An expression of cultural beliefs. Or at least, that’s the impression one gets.
The British Museum is currently featuring an exhibit that, among other things, explores the various attempts to represent the tree of life. But is it in any meaningful sense a tree?
It started out as a Great Chain of Being, where everything had its place in a hierarchical order.
Darwin and his followers got rid of that guy at the top and re-imaged it as a tree of “just naturally occurring” ascending complexity of evolution:
After genome mapping, well suited to the times, it became a kumbayah circle of life, or else it is a pile of matchwood. Except for human evolution, which is a braid.
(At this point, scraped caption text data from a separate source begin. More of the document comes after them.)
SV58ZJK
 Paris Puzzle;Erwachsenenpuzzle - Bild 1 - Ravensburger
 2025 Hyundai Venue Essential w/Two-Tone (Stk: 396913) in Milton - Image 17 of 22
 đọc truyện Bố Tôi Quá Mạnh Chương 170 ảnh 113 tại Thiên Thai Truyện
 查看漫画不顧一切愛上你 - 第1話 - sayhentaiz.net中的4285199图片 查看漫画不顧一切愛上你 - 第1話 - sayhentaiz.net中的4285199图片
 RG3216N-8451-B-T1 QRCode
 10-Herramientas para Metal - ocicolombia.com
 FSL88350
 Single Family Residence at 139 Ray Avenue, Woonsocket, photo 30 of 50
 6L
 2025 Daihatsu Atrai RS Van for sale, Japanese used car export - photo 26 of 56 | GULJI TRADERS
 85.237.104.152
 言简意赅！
And new approaches are emerging. As the article on the Exhibit says,
And, indeed here we are dealing with such vast amounts of information that one might begin to wonder whether there were any way in which we could meaningfully depict all of life on Earth on an A4 sheet of paper. There have been some attempts—but Imperial College London researcher James Rosindell has come up with an ingenious solution. One Zoom Tree, an interactive tree of life, allows viewers to zoom into the tree of life and explore the evolutionary relationships between tens of thousands of mammals, birds, reptiles and amphibians.
Then there’s the prokaryotic forest of life.
On wonders what will be hot at the shows a decade from now.